## Exercise objective
Search the listing below for the line containing "Ornamento De Cerâmica". From there through the line containing "Bộ khuếch đại", transcribe every line exactly, both ends included.

## Input data
········

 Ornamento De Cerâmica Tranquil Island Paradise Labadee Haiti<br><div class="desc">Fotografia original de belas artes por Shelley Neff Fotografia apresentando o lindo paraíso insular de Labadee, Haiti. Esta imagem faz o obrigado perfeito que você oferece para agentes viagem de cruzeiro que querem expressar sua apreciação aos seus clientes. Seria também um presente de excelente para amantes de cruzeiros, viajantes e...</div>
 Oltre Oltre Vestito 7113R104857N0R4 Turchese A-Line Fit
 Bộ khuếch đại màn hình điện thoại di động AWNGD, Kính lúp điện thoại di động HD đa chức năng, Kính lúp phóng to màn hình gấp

········

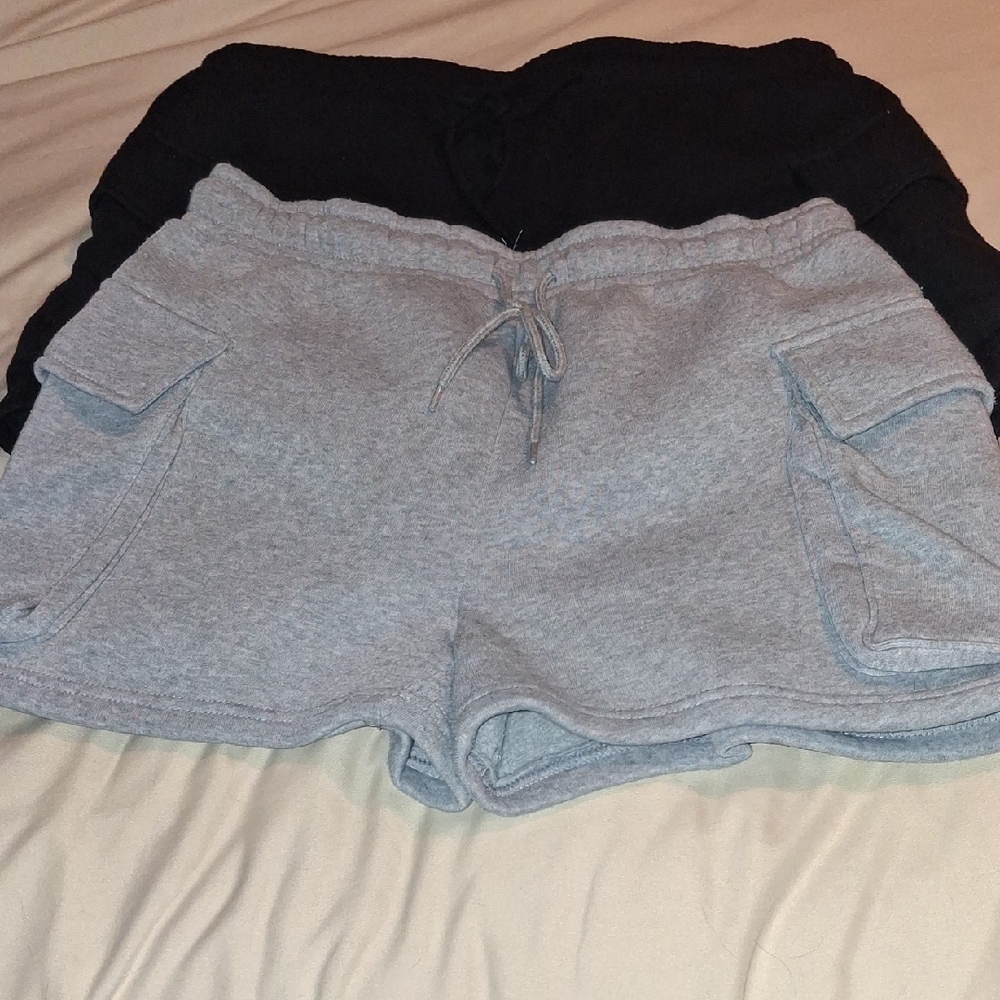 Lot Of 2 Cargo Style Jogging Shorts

········

## Exercise output
 Ornamento De Cerâmica Tranquil Island Paradise Labadee Haiti<br><div class="desc">Fotografia original de belas artes por Shelley Neff Fotografia apresentando o lindo paraíso insular de Labadee, Haiti. Esta imagem faz o obrigado perfeito que você oferece para agentes viagem de cruzeiro que querem expressar sua apreciação aos seus clientes. Seria também um presente de excelente para amantes de cruzeiros, viajantes e...</div>
 Oltre Oltre Vestito 7113R104857N0R4 Turchese A-Line Fit
 Bộ khuếch đại màn hình điện thoại di động AWNGD, Kính lúp điện thoại di động HD đa chức năng, Kính lúp phóng to màn hình gấp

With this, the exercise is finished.